Reiterated Raghunatha Reddy: a scheme of nationalisation (approved under Section 68‑D of the 1939 Act) prevails over an IS‑RT agreement. The Court again underscored that IS‑RT agreements do not displace the statutory priority of approved schemes.

3) Mysore SRTC v. Mysore Revenue Appellate Tribunal, (1975) 4 SCC 192 [Mysore SRTC (I)]

A coordinate Bench suggested that unless a scheme explicitly excluded inter‑State operators, mere physical overlap would not bar permits; in effect, private inter‑State operators could traverse overlapping segments if the scheme did not clearly prohibit such traversal. This view departed from earlier three‑Judge rulings.

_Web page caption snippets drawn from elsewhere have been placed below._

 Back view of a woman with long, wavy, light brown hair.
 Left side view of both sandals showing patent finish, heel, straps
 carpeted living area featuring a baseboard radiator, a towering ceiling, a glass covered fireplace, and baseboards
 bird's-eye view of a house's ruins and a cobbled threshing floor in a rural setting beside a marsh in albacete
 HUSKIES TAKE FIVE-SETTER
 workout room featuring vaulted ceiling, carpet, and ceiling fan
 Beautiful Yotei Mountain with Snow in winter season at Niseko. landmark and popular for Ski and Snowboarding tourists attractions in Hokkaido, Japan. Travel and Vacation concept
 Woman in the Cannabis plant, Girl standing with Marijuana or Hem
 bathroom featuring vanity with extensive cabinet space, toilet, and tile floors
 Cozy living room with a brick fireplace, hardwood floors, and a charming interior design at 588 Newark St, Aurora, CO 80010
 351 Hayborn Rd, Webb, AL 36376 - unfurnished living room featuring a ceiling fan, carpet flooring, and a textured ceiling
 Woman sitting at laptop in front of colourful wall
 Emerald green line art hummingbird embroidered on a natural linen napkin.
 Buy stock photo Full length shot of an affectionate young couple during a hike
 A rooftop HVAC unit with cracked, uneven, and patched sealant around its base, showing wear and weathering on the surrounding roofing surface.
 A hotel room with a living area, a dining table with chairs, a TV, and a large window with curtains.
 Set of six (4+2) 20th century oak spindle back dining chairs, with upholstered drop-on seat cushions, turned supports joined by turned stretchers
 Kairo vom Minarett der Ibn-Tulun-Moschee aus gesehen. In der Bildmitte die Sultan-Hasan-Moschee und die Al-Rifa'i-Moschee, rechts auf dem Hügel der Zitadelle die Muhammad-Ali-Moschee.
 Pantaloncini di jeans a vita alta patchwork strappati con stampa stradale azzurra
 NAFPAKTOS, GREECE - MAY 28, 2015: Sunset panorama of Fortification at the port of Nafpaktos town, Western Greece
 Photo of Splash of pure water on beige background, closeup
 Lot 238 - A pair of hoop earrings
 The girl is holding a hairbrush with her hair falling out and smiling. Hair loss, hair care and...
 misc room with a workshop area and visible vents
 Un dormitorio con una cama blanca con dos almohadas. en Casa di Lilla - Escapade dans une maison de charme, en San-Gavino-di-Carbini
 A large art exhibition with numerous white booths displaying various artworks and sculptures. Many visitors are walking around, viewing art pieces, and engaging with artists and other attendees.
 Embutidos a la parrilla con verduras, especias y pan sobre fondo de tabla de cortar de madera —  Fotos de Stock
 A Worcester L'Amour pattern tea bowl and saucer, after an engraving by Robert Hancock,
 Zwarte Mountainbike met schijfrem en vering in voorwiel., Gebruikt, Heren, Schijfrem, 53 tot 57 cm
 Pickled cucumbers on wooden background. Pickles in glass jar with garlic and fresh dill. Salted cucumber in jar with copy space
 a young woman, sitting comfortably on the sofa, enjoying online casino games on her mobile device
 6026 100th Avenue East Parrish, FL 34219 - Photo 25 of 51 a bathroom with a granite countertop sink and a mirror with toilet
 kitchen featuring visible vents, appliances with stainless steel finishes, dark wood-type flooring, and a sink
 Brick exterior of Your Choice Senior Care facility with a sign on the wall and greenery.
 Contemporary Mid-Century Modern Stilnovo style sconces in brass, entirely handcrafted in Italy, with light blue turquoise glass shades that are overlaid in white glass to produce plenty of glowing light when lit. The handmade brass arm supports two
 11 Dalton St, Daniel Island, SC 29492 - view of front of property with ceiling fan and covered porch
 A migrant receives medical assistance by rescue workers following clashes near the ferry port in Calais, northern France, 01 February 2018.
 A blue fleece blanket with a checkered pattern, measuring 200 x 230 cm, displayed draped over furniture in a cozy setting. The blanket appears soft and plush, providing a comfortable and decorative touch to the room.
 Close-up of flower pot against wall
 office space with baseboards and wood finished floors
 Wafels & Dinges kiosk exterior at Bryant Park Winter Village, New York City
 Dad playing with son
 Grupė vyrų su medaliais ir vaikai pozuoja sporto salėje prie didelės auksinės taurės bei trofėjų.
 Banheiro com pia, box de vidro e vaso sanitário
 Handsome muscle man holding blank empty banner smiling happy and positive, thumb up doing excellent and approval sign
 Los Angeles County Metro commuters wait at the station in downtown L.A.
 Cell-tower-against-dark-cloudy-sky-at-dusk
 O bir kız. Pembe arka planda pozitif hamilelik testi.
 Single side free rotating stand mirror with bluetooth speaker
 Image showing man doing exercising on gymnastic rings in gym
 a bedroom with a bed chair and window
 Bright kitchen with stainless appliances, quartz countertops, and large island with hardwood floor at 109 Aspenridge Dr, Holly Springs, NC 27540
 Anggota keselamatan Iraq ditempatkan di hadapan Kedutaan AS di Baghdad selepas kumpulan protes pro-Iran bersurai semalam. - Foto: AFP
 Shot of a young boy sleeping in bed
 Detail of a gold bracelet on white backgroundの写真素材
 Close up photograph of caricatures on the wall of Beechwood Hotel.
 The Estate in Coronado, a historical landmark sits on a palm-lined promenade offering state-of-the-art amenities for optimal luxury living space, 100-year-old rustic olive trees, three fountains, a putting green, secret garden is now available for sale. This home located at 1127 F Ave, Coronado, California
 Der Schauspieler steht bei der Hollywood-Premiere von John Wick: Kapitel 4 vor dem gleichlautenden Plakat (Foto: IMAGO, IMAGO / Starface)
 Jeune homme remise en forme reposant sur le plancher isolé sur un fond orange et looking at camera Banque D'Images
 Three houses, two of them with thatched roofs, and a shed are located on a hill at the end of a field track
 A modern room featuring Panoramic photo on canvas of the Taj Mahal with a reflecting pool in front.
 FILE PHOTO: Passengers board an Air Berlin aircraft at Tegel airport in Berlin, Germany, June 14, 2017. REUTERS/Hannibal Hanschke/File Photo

4) Mysore SRTC v. Mysore STAT, (1974) 2 SCC 750 [Mysore SRTC (II)]

A three‑Judge Bench restored orthodoxy: if a scheme prohibits operation on a route or part thereof, no permit or renewal can be granted to private operators—even for a short overlap—and conditions like “no pick‑up/drop on the common sector” cannot salvage an otherwise prohibited permit. Intersection (a crossing) is different from overlap (sharing linear alignment on the same highway segment).

5) Adarsh Travels Bus Services v. State of U.P., (1985) 4 SCC 557 (Constitution Bench)

The Constitution Bench expressly dissented from Mysore SRTC (I) and approved Mysore SRTC (II), affirming that private operators are excluded from overlapping notified segments unless the scheme itself permits. Importantly, the Court added a policy “caution”: to avoid undue inconvenience to through passengers, States may craft schemes with appropriate exemptions/conditions and even consider legislative solutions (as U.P. did via Act 27 of 1976).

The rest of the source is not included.